Against all the odds she brought her daughter home from Cork. Her son was given up for adoption in London.
Her story, written in memoir form, shines a light on family and society in twentieth-century Ireland and through the prism of one woman’s experiences focuses on the power wielded by Church and State over the personal lives of women.
The front cover of the book, featuring a photo of Jacinta at her confirmation.
It highlights the dilemmas facing young women who found themselves pregnant in Ireland of the 1970s in a society that was in thrall to the church.
Jacinta, who was born and grew up in Assumption Road, Athlone, told the Westmeath Independent that the book had been in the making for a decade or more.
She said she was motivated to write ‘Girls Like You’ by a desire firstly to tell her own story.
“It was my desire to write my story but it’s also the story of countless other women in this country.”
The book is not written from a societal or political perspective and is instead a deeply personal story and a vivid and clear portrayal of the dilemmas and traumas facing one young woman. But by telling her own story she has sketched a portrait of the politics and power structures of Irish society, and Jacinta is clear that the personal and political are intertwined.
“The political is always personal. It took me a long time to realise that. I think a lot of us have a tendency to keep the political out there kind of at a remove and think that it doesn’t impact our lives but it actually does.”
She said she was also motivated to write her story for her own granddaughters and nieces.
Jacinta said she was focused throughout on writing a book that “portrayed how every single woman in the home was a person with an individual story.”
“We were just ordinary women who grew up in ordinary houses in terraces and in towns. That was one of the things I set out to do is to show that there is a face to each of these women.”

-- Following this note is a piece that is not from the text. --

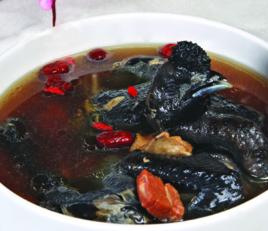 淮山枸杞燉烏雞 淮山枸杞燉烏雞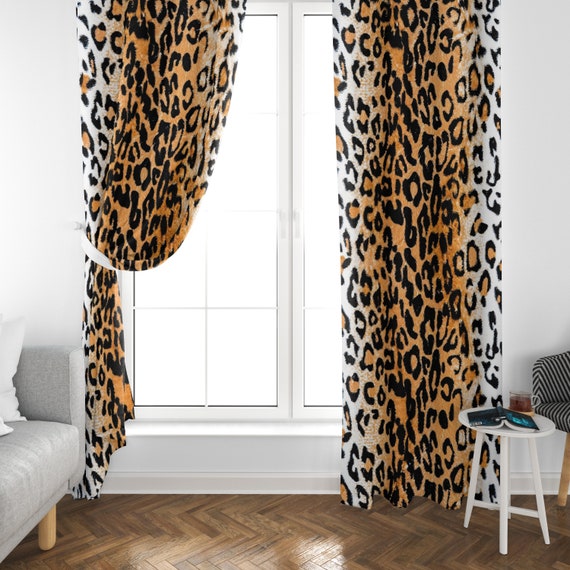 Cortina De Ducha De Flores De Leopardo, Rosa Roja, Floral, San Valentín, Estampado De Animales Salvajes, Patrón De Piel, Creativo Y Moderno, Juego De Decoración De Baño Con Ganchos (70 Pulgadas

Jacinta said she also wanted to challenge the culture of silence around Mother and Baby Homes but to her own surprise found in the process of writing the book that she had yet to shed the guilt and blame that were implanted by a society and by an institution that stripped her of her individuality and that hammered home the message that she was “shameful, sinful and selfish”.
She said she found that she was writing whole paragraphs where she was constantly explaining, and justifying her actions.
“I didn’t realise I was carrying so much shame because I thought I had educated myself out of it, I didn’t realise it was so ingrained.”
Jacinta ascribes this to the legacy of Bessborough. The book's title 'Girls Like Us' references the psychological brainwashing inflicted by the nuns.
In the book, she vividly sketches the process of belittlement and control enacted by the nuns at Bessborough.
“It was punitive in a different way, very psychologically damaging,” she explained
The report of the Mother and Baby Homes Commission was published during the preparation of the book. It has been heavily criticised by survivors and campaigners for not prioritising the testimonies of women, for suppressing their voices and giving priority to accounts of institutions, religious orders and the Staet.
Jacinta didn’t participate in the Mother and Baby Homes Commission partly because at the time she didn’t feel she was a victim having managed to bring her daughter home from Bessborough and also because of a lingering distrust of the purpose of a Government-established body.
Nonetheless, the publication of the report was a difficult time for her.
“I think I was retraumatised all over again reading sections of that report. I found that very difficult.
“There’s no way to sugarcoat it. To actually say in a statement that the girls were happy to be given an alias when I know, I was in Bessborough for seven months, that is not true,” said Jacinta.
She also was aghast at the claim by the order who ran Bessborough that their role was to build up the self esteem of girls whose family rejected them – describing it as “a downright lie”.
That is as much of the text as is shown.